L'eau-de-vie de Schafenbirne
Ce n’est pas «Paysan souhaite rencontrer… », mais «Jolie petite poire cherche des agriculteurs prêts à la cultiver». Par tradition, la Schafenbirne est la seule à convenir à la préparation du Schlorzifladen. Mais depuis qu’en 2019, le feu bactérien a presque réduit à néant cette très ancienne variété du Toggenbourg, il faut préparer les galettes avec d’autres poires, dont certaines de l’étranger. «Une situation intenable» pour Gregor Menzi, qui, par précaution, a planté deux poiriers de cette variété dans son jardin, en espérant faire des émules à plus grande échelle. Bettina Stillhart, de la distillerie du même nom à Dietfurt, le souhaite elle aussi.

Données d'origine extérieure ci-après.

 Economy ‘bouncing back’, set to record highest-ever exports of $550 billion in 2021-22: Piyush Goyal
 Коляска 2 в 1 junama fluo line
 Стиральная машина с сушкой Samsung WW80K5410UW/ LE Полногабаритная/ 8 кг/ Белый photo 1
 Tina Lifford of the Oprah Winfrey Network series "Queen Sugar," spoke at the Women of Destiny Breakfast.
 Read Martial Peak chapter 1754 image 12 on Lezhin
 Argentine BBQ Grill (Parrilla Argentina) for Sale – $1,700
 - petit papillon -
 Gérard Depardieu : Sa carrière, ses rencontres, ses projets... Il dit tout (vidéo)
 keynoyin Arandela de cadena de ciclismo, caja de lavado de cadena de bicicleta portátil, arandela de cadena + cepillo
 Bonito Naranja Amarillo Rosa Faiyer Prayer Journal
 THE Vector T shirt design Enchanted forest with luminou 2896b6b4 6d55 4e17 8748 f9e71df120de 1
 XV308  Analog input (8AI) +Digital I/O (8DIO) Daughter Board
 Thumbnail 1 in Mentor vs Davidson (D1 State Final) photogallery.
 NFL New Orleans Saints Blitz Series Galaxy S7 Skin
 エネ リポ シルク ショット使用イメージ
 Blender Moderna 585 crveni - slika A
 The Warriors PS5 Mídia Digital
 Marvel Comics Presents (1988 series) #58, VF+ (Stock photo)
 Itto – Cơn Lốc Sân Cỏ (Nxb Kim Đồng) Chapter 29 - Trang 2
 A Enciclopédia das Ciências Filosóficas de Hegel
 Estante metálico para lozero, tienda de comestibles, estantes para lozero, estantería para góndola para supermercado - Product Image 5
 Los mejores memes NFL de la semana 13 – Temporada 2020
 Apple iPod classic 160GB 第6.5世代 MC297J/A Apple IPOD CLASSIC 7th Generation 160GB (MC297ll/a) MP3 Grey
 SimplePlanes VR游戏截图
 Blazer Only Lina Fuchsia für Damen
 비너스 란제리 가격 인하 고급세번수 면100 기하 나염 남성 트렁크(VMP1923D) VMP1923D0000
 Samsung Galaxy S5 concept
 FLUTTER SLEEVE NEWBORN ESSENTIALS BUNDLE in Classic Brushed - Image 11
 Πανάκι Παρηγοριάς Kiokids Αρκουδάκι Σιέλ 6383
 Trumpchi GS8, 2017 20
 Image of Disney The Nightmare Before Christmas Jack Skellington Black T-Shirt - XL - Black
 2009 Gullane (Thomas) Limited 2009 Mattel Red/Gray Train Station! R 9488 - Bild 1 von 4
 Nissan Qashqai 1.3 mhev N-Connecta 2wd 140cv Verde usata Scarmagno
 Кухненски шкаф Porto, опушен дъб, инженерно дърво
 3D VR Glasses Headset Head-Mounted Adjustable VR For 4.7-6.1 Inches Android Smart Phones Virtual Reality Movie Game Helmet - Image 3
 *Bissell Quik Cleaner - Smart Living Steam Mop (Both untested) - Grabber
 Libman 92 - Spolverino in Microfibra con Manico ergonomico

L’un des produits phare de la distillerie, qui est gérée par la même famille depuis quatre générations, est l’eau-de-vie de Schafenbirne. Du fait de la pénurie, elle ne produit annuellement que quelques bouteilles de ce noble distillat. La distillerie vend aussi de la pâte de Schlorzi. Des poires séchées sont trempées dans de la liqueur Williams ou un autre distillat de poire, égouttées et transformées en masse. Les portions de 500 grammes permettent de préparer deux galettes.